Back in the old days, he was a child raised in the Church, the right hand of the priests. He attended to all the jobs that were to be done and was always the first to get to the services. He knew the psalms and prayers by heart, and served with reverence in the altar at every liturgy.
He really enjoyed singing. Sometimes he’d make his way to the choir stall, with the singers, and wanted very much to sing to God.
But they kicked him out: the boy had a tin ear. So much so that they didn’t even know what he thought he was singing. They couldn’t bear to listen to him. They used to say to him: ‘Romanos, do whatever else you want, just don’t join in with the singing’.
One evening, in the church of Our Lady, where there was a wonder-working icon of the Mother of God, Romanos fell to his knees. With tears in his eyes he begged the Queen of the Heavens to give him the gift of singing sweetly.
Christmas Eve: the church of Our Lady was packed. And right next to the choir stall, there was Romanos, silent and humble. He didn’t dare open his mouth to join in the singing. They’d all poke fun at him, laugh at him and tell him to stop. He turned his eyes to the icon. Prayed silently. As he was praying, the boy fell into a light sleep and he had a wonderful dream. He later said that the Mother of God herself came out from her icon and moved towards him. She was holding a kontakio, a rod, (something like a rolling-pin) around which they rolled the texts of the hymns and psalms. She gave it to Romanos and told him to swallow it. He did so and woke up at once.

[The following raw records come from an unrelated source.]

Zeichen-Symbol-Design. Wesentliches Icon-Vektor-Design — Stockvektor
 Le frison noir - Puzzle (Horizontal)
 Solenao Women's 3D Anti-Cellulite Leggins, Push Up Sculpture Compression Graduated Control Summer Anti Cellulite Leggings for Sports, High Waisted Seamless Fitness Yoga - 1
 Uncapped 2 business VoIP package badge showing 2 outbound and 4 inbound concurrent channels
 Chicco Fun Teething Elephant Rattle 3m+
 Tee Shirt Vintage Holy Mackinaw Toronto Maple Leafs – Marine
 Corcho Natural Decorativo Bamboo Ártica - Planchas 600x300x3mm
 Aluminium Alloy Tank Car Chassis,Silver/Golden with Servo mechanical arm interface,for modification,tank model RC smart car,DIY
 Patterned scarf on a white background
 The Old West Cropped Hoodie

He took heart and went to stand next to the choir-master, who’d opened the page for the hymn to the Virgin. Romanos took a deep breath and began to sing, just as he’d always wanted to, with an amazing melody: ‘Today the Virgin gives birth…’.
The domes of the church resonated. The bell-towers reverberated and Romanos the Melodious, who until just then had been a tone-deaf boy, praised Our Lady the Mother of God for his gift. Romanos wrote more than a thousand hymns for the saints and the Mother of God. The Church called them kontakia (rolling-pins) in order for us to remember the miracle of young Romanos, the nightingale of Orthodoxy. We celebrate his feast-day on 1 October.